REQUIREMENT
Beginning with the line that has "Eskadron Leg Protectors" and ending with the line that has "Numerical Simulation Of", retype the entries below exactly, except for the pictures.

DATA

------------------------------------------------

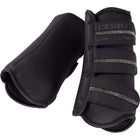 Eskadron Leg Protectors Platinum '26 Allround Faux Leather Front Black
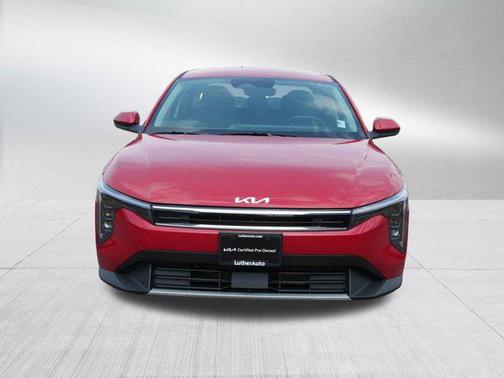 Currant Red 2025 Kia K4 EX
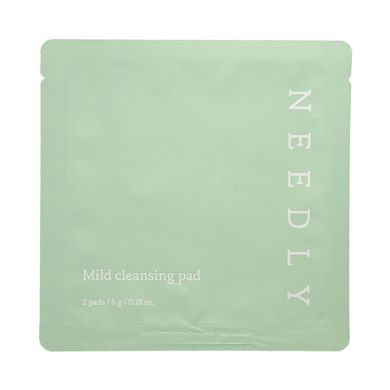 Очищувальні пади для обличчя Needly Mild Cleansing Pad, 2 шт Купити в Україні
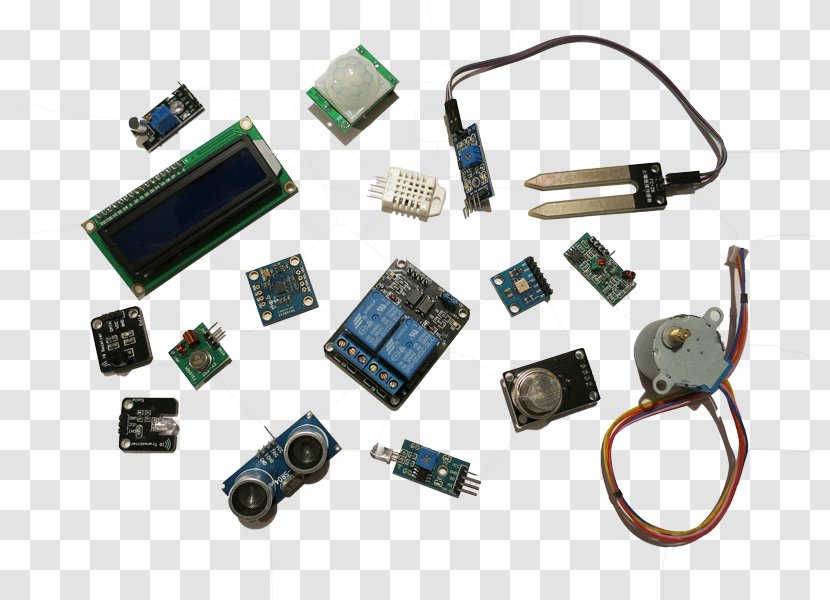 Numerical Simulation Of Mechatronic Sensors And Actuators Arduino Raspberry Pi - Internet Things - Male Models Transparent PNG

------------------------------------------------

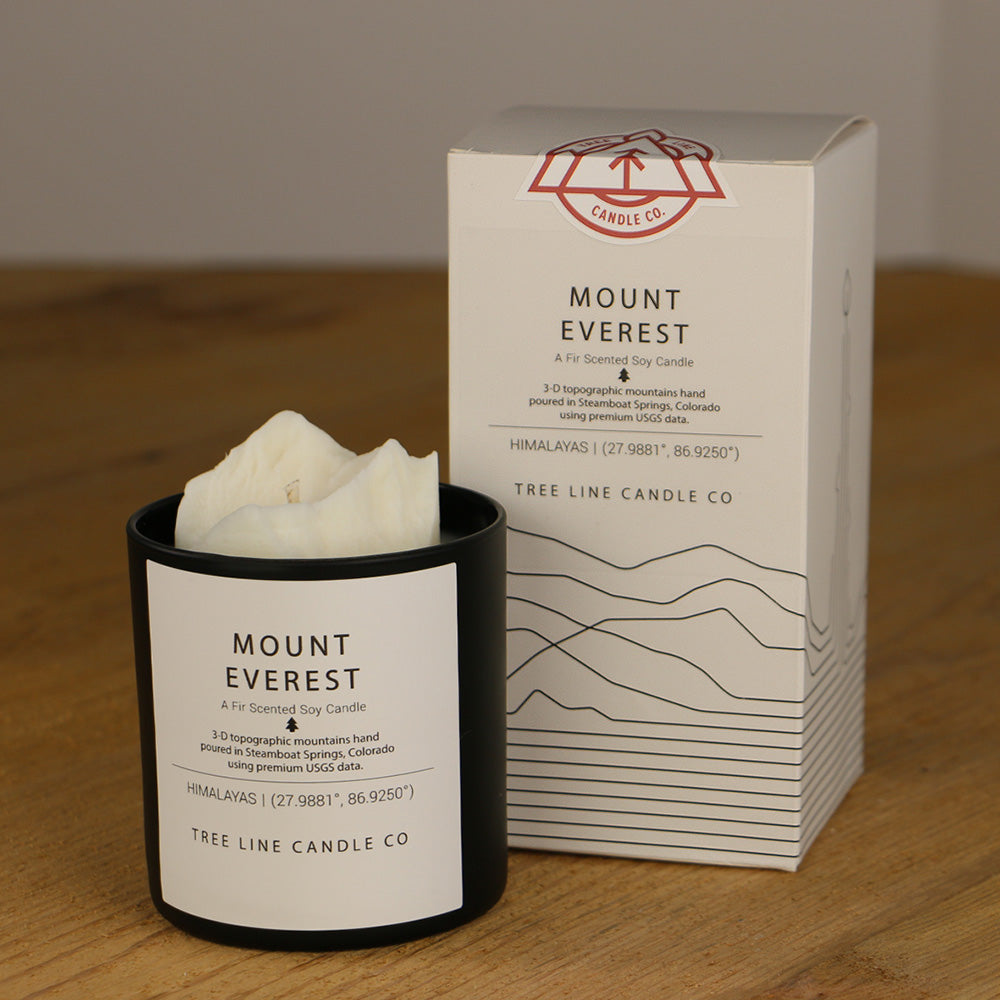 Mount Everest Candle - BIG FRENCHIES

------------------------------------------------

RESPONSE TO THE EXERCISE
 Eskadron Leg Protectors Platinum '26 Allround Faux Leather Front Black
 Currant Red 2025 Kia K4 EX
 Очищувальні пади для обличчя Needly Mild Cleansing Pad, 2 шт Купити в Україні
 Numerical Simulation Of Mechatronic Sensors And Actuators Arduino Raspberry Pi - Internet Things - Male Models Transparent PNG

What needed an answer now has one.